— WHAT IS NEEDED —
Look through the data below for the line with "How to Get Into", and transcribe it exactly together with each line after it up to and including the line with "Grab Your Nutz". Give nothing else.

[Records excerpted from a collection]

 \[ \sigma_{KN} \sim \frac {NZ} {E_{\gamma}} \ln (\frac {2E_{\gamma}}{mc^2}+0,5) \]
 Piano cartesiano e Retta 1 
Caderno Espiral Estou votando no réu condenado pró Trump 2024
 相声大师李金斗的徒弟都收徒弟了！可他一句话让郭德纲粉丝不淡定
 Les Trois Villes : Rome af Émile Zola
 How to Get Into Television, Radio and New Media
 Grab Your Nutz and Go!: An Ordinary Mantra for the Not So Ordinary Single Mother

--

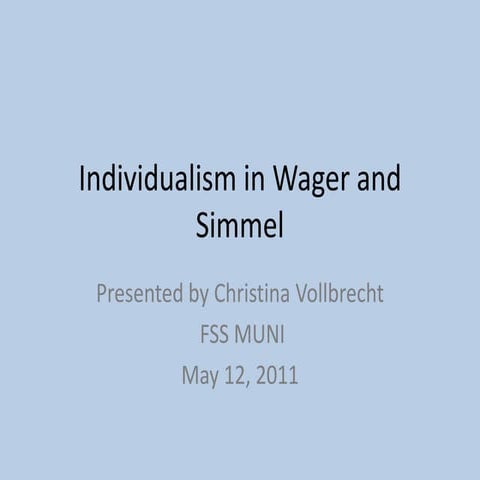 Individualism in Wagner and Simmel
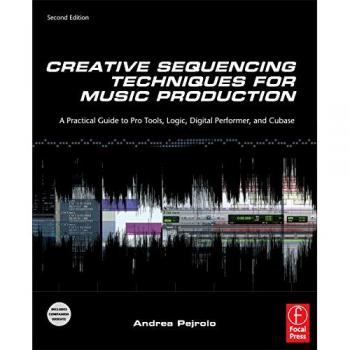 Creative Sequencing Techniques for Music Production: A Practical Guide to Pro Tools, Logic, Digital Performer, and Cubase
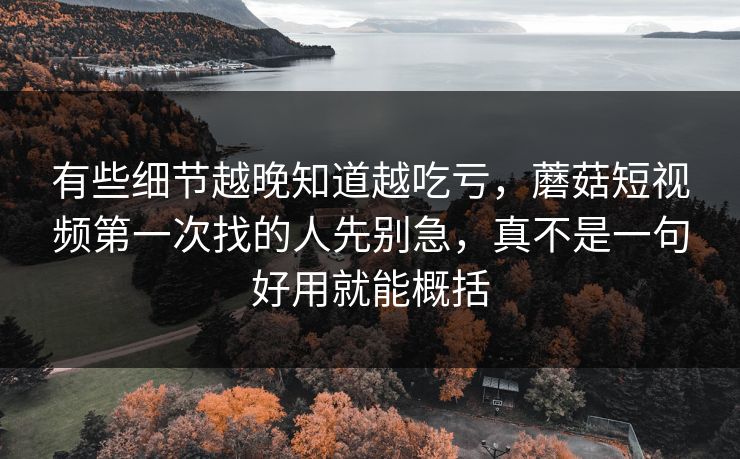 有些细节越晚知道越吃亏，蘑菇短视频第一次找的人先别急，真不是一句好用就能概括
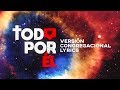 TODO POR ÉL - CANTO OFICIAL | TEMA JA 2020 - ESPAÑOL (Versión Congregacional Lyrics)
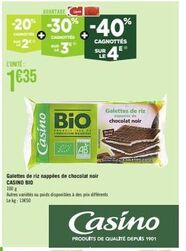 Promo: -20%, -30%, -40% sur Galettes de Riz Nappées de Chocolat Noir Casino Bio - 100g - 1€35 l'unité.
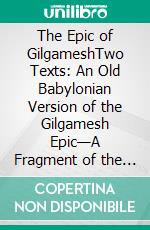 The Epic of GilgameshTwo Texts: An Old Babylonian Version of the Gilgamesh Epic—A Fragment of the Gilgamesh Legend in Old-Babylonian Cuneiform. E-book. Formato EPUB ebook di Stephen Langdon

— SOLUTION TO THIS TASK —
 How to Get Into Television, Radio and New Media
 Grab Your Nutz and Go!: An Ordinary Mantra for the Not So Ordinary Single Mother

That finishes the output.